Friday, March 6, 2009

horton foote 1916-2009




we've all been so distracted lately, what w/mike getting ripped off & all, that we've missed some news that really matters. i didn't know that foote had done the screenplay for "to kill a mockingbird" but that movie & novel always struck me the same as it did flannery o'connor: "anemic." i can't say i'm a fan of a lot of his movie work & i can say i don't really know any of his work on broadway. i do know he wrote one movie that's always been near & dear to my heart, what w/combining(not really that hard, it's true)country music & alcoholism.

"tender mercies" is about someone on the other side of the wreckage their drinking has caused & that person trying in their own way to move on from it. robert duval plays a former country star(let's say, george jones)who's working on his recovery & doing his best to acknowledge & accept responsibility for a past he can't really recall. an alcoholic confronts all kinds of reactions to his recovery. there're the folks who won't forgive, no matter what. there're the folks who forgive too easily. there're the ones who worry the good times are all over & the ones who want them to start. there're the tangential nobodies who weren't really a part of the whole mess but carry some kind of never ending grudge & there're the assholes who involved those nobodies for no good reason other than jealousy or ego or mind games. the list is endless. trust me, i know.

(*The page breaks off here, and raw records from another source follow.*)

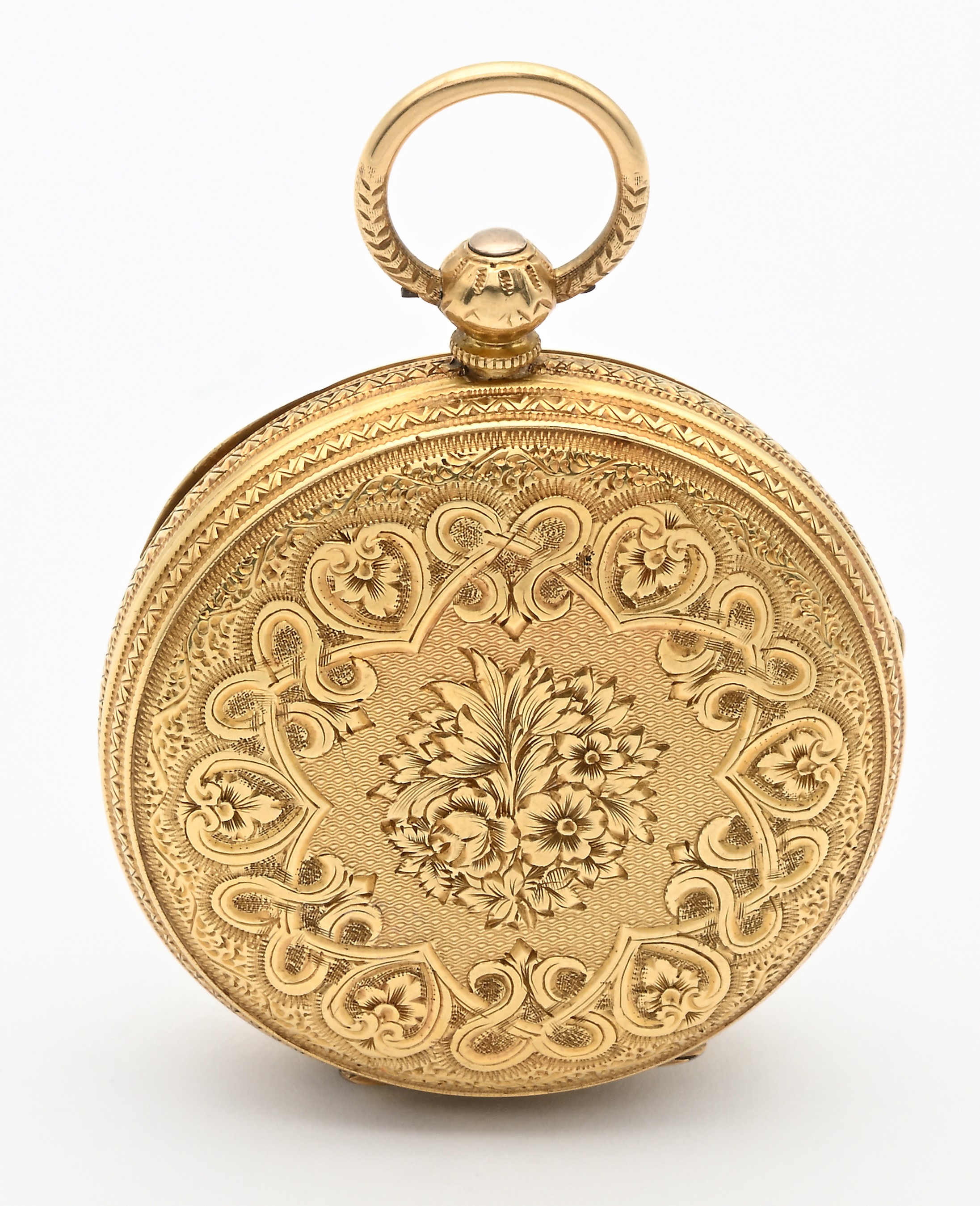 Orologio da tasca in oro 18Kt, scappamento ad ancora e conoide, punzoni Londra 1875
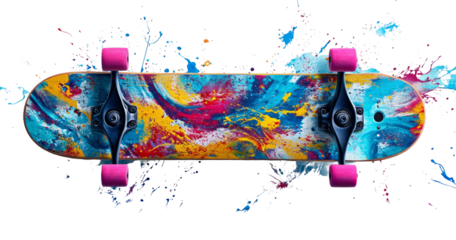 Vibrant Artistic Skateboard on Transparent Background with Color Splashes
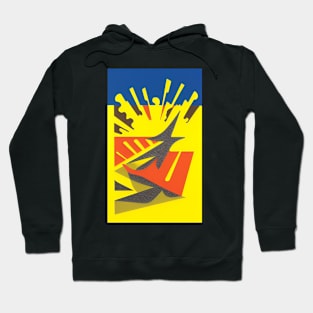 abstract: blue orange yellow Hoodie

in the movie, there's a scene where duval is trying to connect w/but shield his daughter from what he was &, maybe, what he might become. his blackout has pretty much encompassed most of her teenage years. lots of pain & unanswered prayers have brought them to this one moment. she asks him about a song he used to sing to her when she was a baby. she can't recall it. it had something to do w/birds, maybe.

duval hesitates but then says, "no, sorry, no i don't recall that song." for a long minute his daughter stands, not really believing but also, you can tell, not understanding how something that might connect them can't be remembered or didn't exist. it meant a LOT to her. she wheels around & leaves.

cut to duval, looking out a window. he sighs. "on the wings of a pure white dove, he sends his pure sweet love, a sign from above, on the wings of a dove," he sings clearly, & maybe for the first time in the movie, while keeping time w/his boot clad foot. out of the depths of a fractured memory, the alcoholic remembers what someone else, who needed to, couldn't. the things we remember & cling to, good or bad, is a cause for wonder. how we choose to share those things, good or bad, is too.

i can tell you that if i ever come close to writing something like that i might just leave it at that, pull up stakes, call closing time. whatever. it doesn't get any better than that. a drunk can never, ever, save anyone but him/herself. a lot of folks who've been effected by drunks don't get that. ever. but they blame the drunk, no matter what. that's cause it's so easy to blame a drunk, even if they're not drinking. i don't know if horton was a drunk but he nailed that moment & so much more in that movie.

america has a lot of writers who fly under the radar for whatever reasons. they write regional fictions. they write "small." they write about things no one coming to broadway wants to know or hear about(august wilson & tony kushner). horton foote wrote about texas. he was a writer & now he's dead. he connected once w/me. i think that connection makes everything, even high priced tickets, tolerable. what do i know?